Unknown Population Variances
If the variances of the two populations are unknown, we estimate them from the two samples i.e. $\sigma_{\bar{x}_1+\bar{x}_2}=\sqrt{\frac{S_1^2}{n_1}+\frac{S_2^2}{n_2}}$, where $S_1^2$ and $S_2^2$ are the respective variances of the two samples drawn from their respective population.

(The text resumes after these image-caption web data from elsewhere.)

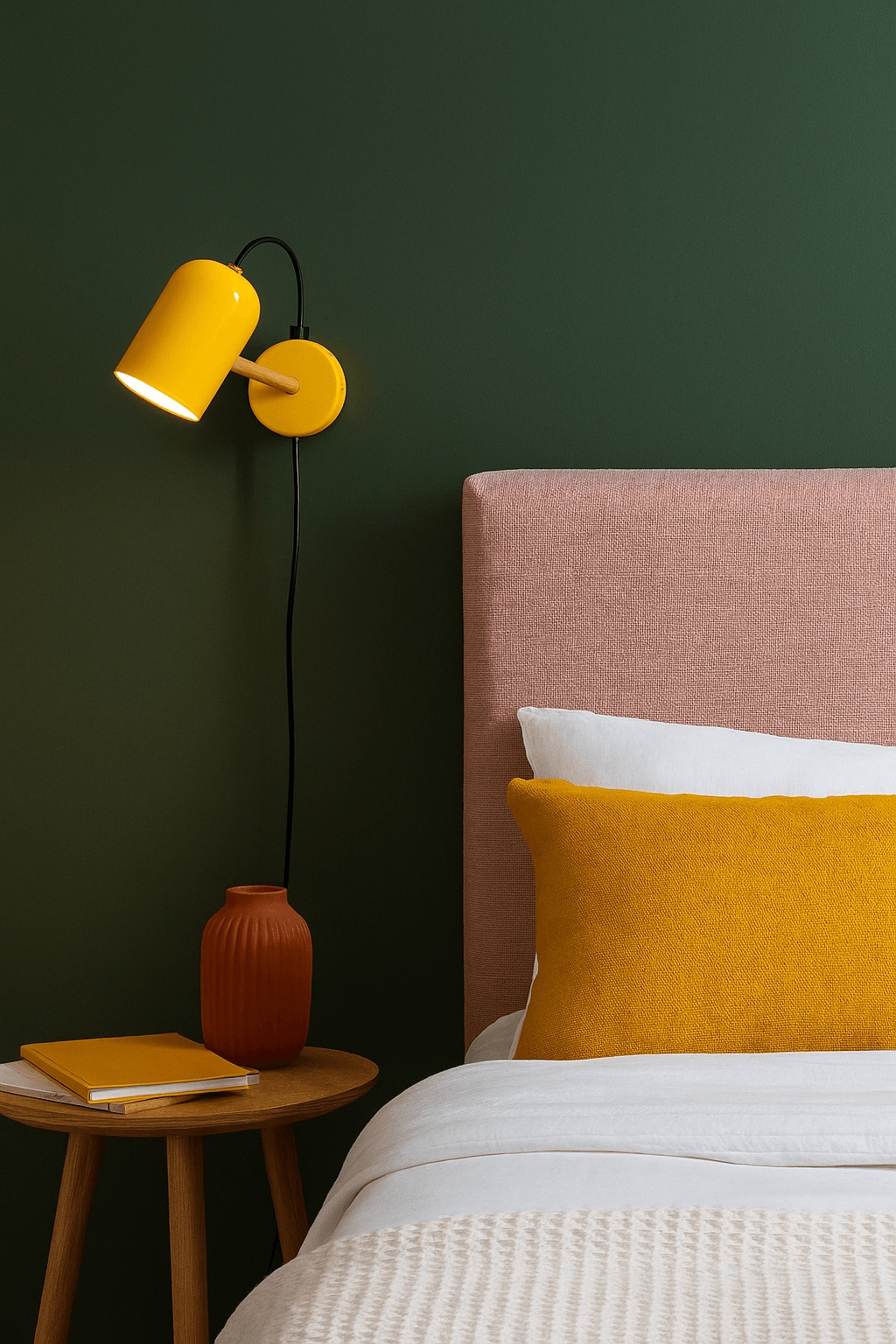 Luminária de Parede Arandela Articulada Spot Olga Collor Amarelo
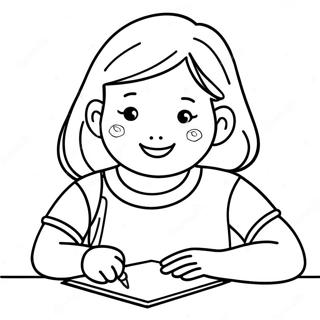 Règles de l'école Coloriages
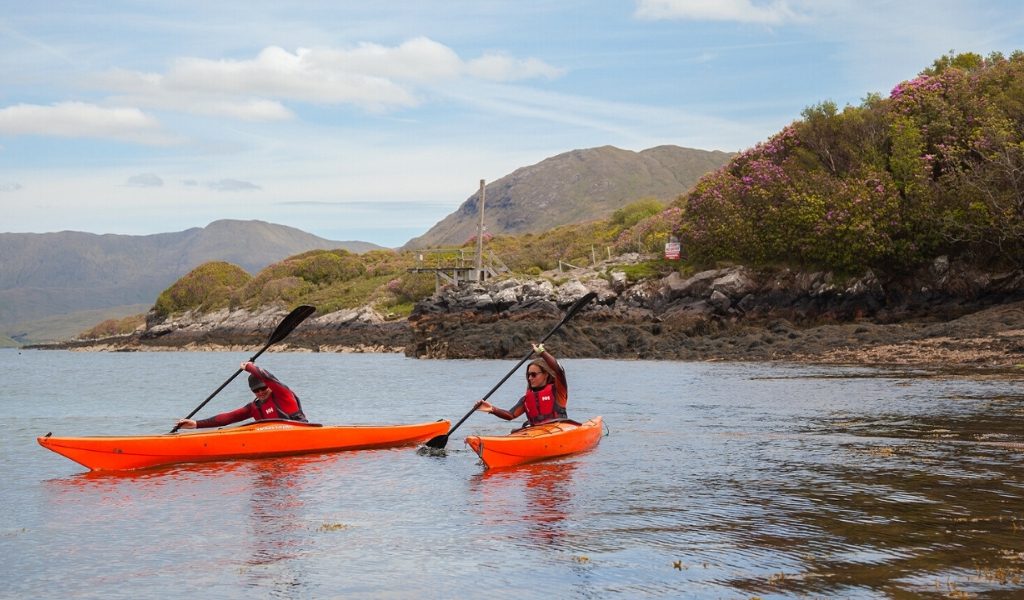 Kayaking in the Killary Fjord. Galway. Guided.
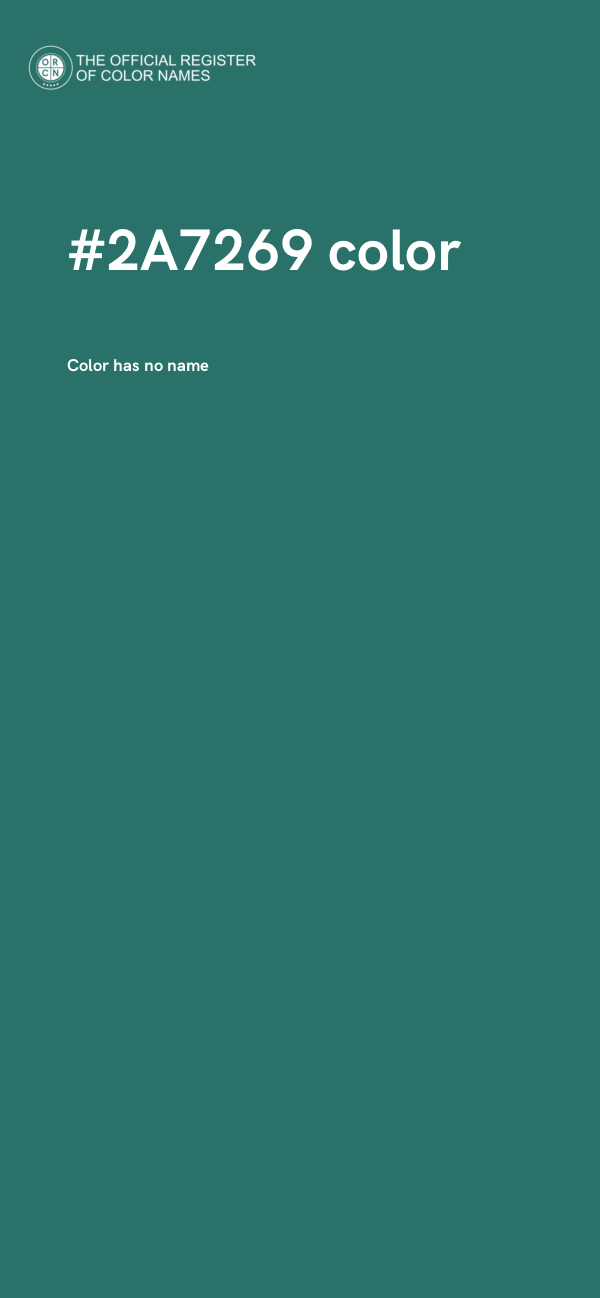 #2A7269 color image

Equal Variances are assumed
In case when it is assumed that the variance of the two populations are equal, we can estimate the value of these variances with a pooled variance $S_p^2$ calculated as a function of $S_1^2$ and $S_2^2$ i.e

$S_p^2=\frac{(n_1-1)S_1^2+(n_2-1)S_2^2}{n_1+n_2-2}$
$\sigma_{\bar{x}_1}+{\bar{x}_2}=S_p \sqrt{\frac{1}{n_1}+\frac{1}{n_2}}$

## (4) Standard Error for Difference between Proportions

The standard error of the difference between two proportions is calculated in the same way as the standard error of the difference between means is calculated i.e.
\begin{eqnarray*}
\sigma_{p_1-p_2}&=&\sqrt{\sigma_{p_1}^2+\sigma_{p_2}^2}\\
&=& \sqrt{\frac{p_1(1-p_1)}{n_1}+\frac{p_2(1-p_2)}{n_2}}
\end{eqnarray*}
where $p_1$ and $p_2$ are the proportion for infinite population calculated for the two samples of sizes $n_1$ and $n_2$.